You can thank the dudes from Prayers, a musical duo outta San Diego in Califas, for bringing this new sound, attitude and subculture to the light—to the delight of audiences across the nation.
Prayers (Dave Parley and Rafael Reyes) makes music that is centered on a sort of wantonly cray and crashing keyboard kindness, along the lines of goths who came before, namely outfits like Christian Death, Depeche Mode and probably the whole dang darkwave catalog made between 1979 and just last week.
Reyes and Parley infuse this black vibe with with ideas and experiences gathered during Reyes time as a member of the Sherman Grant Hill Park 27 gang, a seriously intense criminal enterprise from which the two began the deconstructive expository process that ultimately resulted in def and dark tuneage like “From Dog to God” and “Drugs.”

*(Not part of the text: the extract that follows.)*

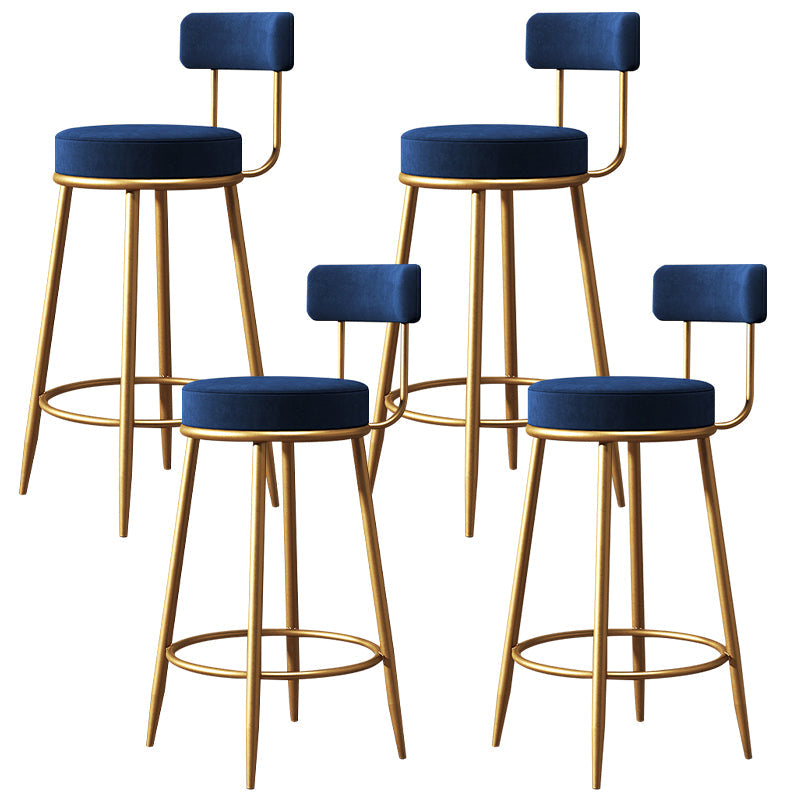 Glam Style Counter Stool Upholstered Living Room Bar Stool with Gold Frame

In reality, it probably helps to experience all of the above firsthand, but if you’re not down to be part of la vida loca, you can still get a fine approximation of the flavor by listening or dancing or just staring into space as the fantastic mix of two distinct lifestyles coalesces onstage.
Cholo Goth Night, featuring Dave Parley of Prayers is happening at Inside Out (622 Central Ave. SW) on Friday, June 21. In order to find out more about all of this, I rang Dave Parley up to ask him what in the heck is going on with the genre, the subculture and its Chicanismo. This is what he told me.
Weekly Alibi: Hey, is this Dave Parley?
Dave Parley: Hey, what’s up, blood? How are you?
So Cholo Goth Night is coming up in Burque ...
Are you gonna spin some heavy tuneage? And what exactly is Cholo Goth, by the way?
It’s the music that me and my brother, Rafael Reyes, make. I do Cholo Goth Night in honor of the music we make as Prayers. So I play all the songs from our band and the music that inspired us to create the sound we have with Prayers. It’s a lot of darkwave, new wave, ’90s hip-hop. It could be anything really; Cholo Goth is what I want to play.
So is Cholo Goth an identity, too?
Yeah, that’s what we are. That’s how we identify, so that’s what we create.
For people who haven’t really listened to those things you reference, how would you describe the musical component of Cholo Goth?
For someone who has never listened to our music, the easiest way to understand it is like this: If you like Depeche Mode mixed with NWA but with a Mexican flavor, then that’s what it sounds like. That’s Cholo Goth.
I can dig that. Where does your sound come from?
It comes straight out of San Diego, California. But I’m originally from Tijuana in Baja California, and my brother is from Michoacán.
Does Mexican culture shine through in your music?
Yeah, but we love darkwave and new wave, too, and everything that’s related to that. The ’80s. My brother is a real cholo, a real gang member. He grew up in the ’90s, so he listened to all that West Coast hip-hop, too.
Do you dig Morrisey?
Yeah, that’s included. Cholo Goth is pretty much like freedom to look or to speak or listen to what you want. It’s freedom to be who you really are.
Why should Burqueños come out to see you on Cholo Goth Night?
So that you can be around people that are having a good time, forgetting what their lives are for the moment. Everbody is welcome and all becomes one at Cholo Goth Night. No matter what, all is one, ese.